● **TASK PROMPT**: Transcribe the data exactly, pictures excluded.
━━━━━ GIVEN INFORMATION
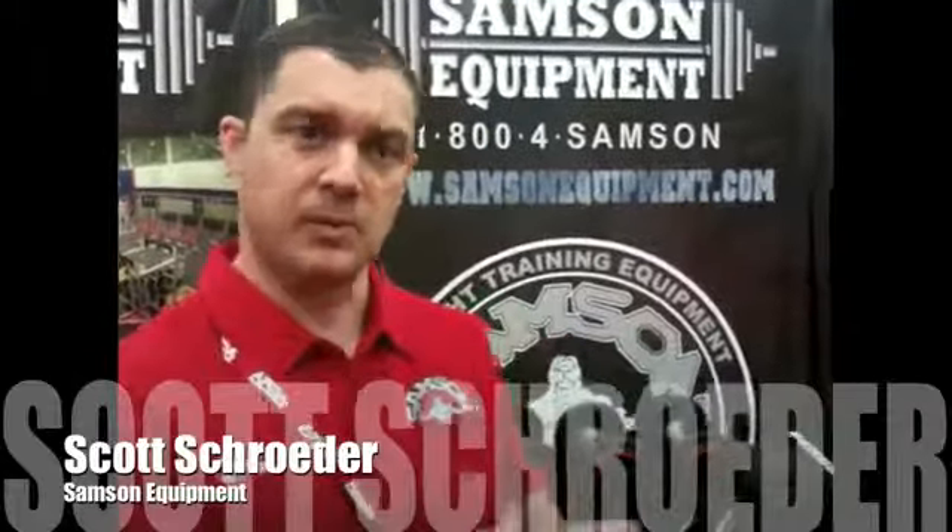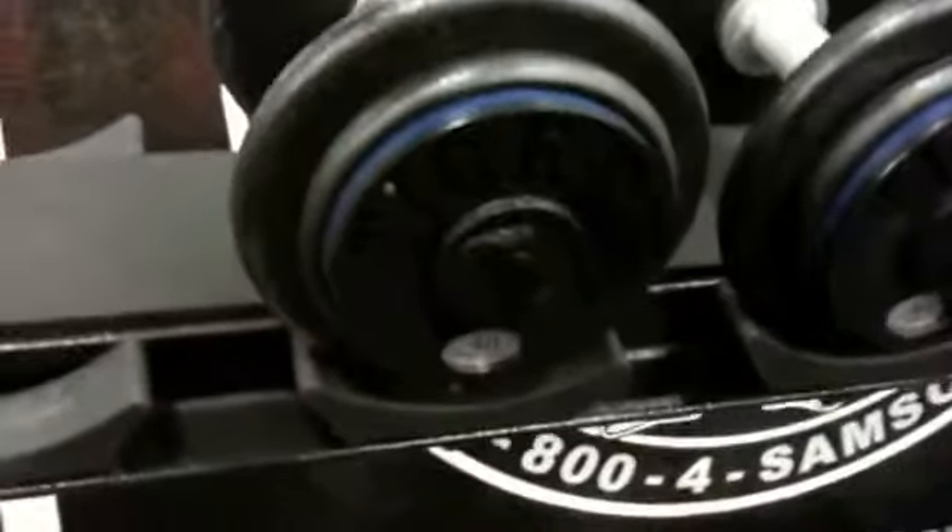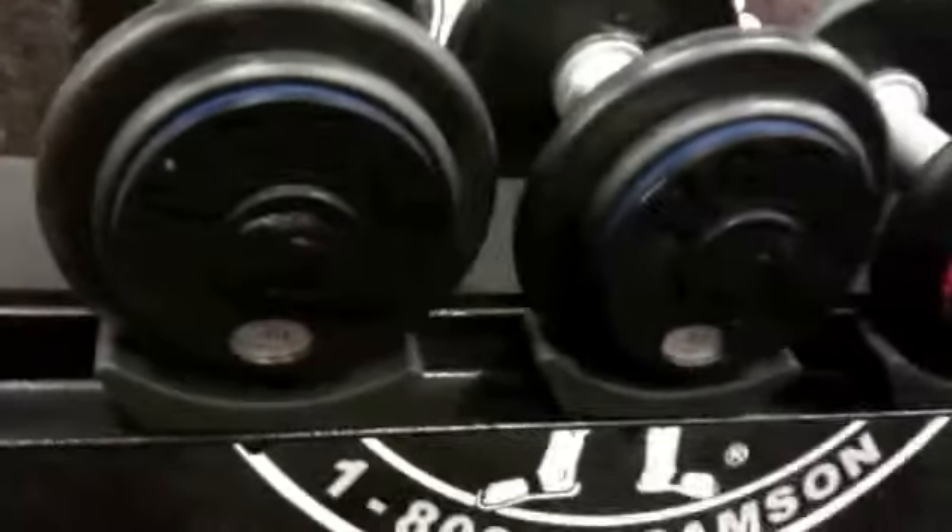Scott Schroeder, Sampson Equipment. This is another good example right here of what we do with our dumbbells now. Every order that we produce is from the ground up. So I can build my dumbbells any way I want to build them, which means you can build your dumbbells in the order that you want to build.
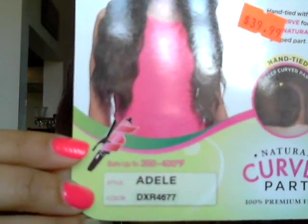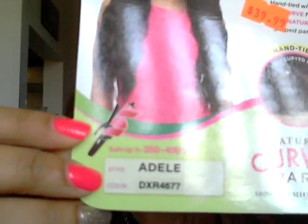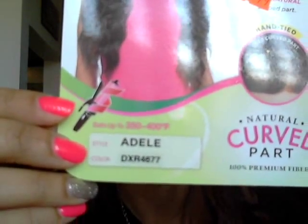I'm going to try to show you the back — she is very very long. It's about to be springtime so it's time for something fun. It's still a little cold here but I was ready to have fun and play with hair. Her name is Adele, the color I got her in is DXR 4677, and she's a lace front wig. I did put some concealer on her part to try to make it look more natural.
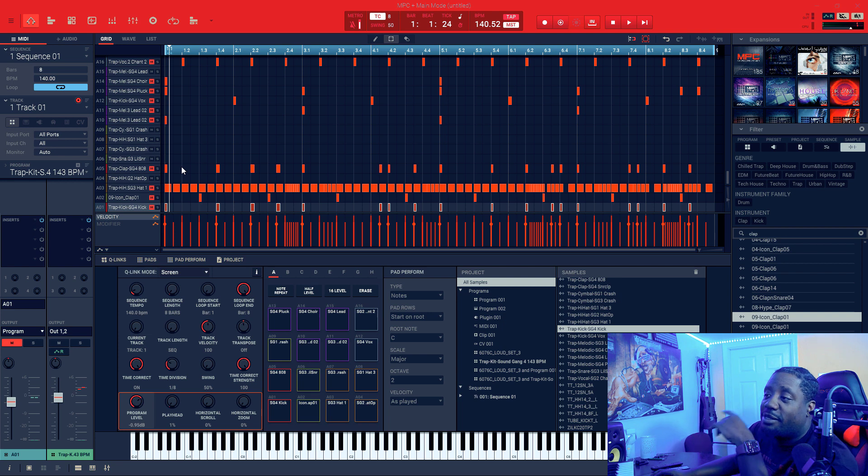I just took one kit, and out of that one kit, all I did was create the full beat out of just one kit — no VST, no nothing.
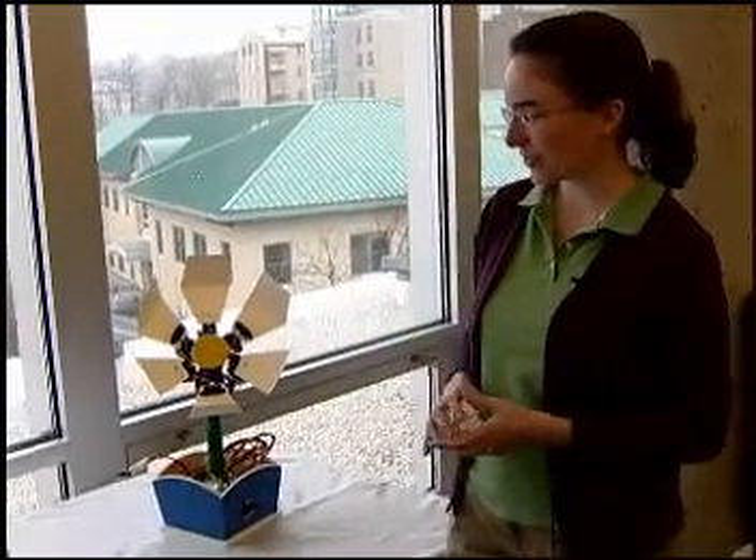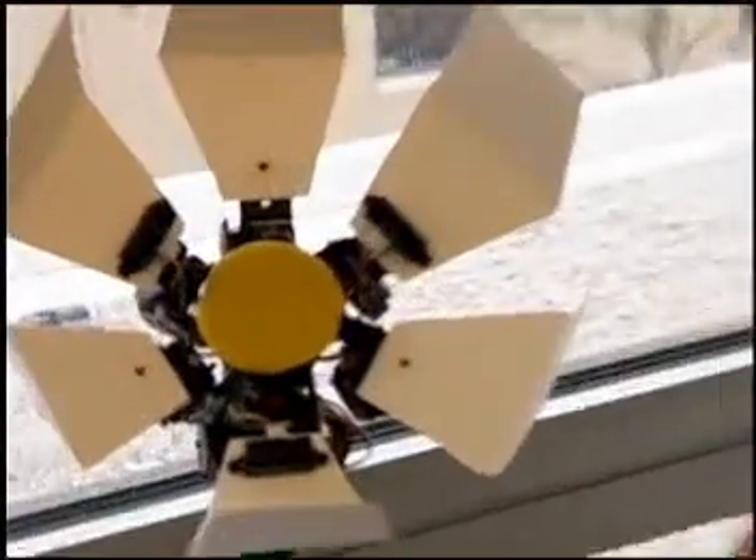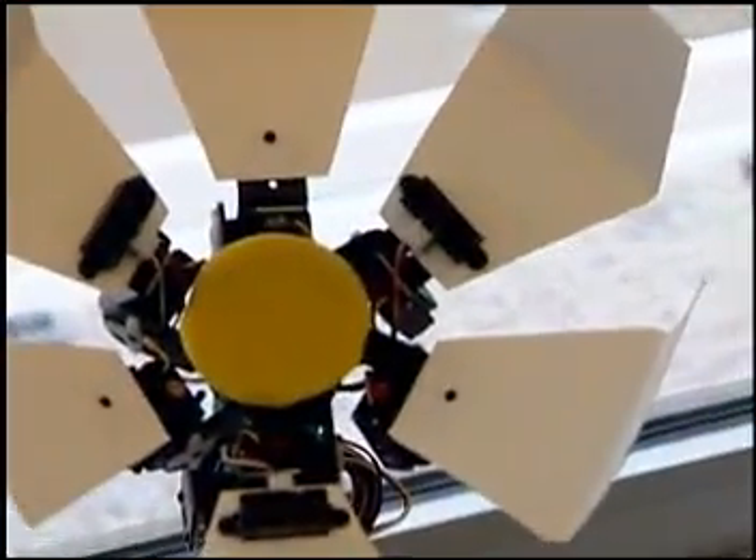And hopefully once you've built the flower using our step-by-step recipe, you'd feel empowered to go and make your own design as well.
━━━━━━━━━━
● **EXPECTED ANSWER**:
Scott Schroeder, Sampson Equipment. This is another good example right here of what we do with our dumbbells now. Every order that we produce is from the ground up. So I can build my dumbbells any way I want to build them, which means you can build your dumbbells in the order that you want to build.
I'm going to try to show you the back — she is very very long. It's about to be springtime so it's time for something fun. It's still a little cold here but I was ready to have fun and play with hair. Her name is Adele, the color I got her in is DXR 4677, and she's a lace front wig. I did put some concealer on her part to try to make it look more natural.
I just took one kit, and out of that one kit, all I did was create the full beat out of just one kit — no VST, no nothing.
And hopefully once you've built the flower using our step-by-step recipe, you'd feel empowered to go and make your own design as well.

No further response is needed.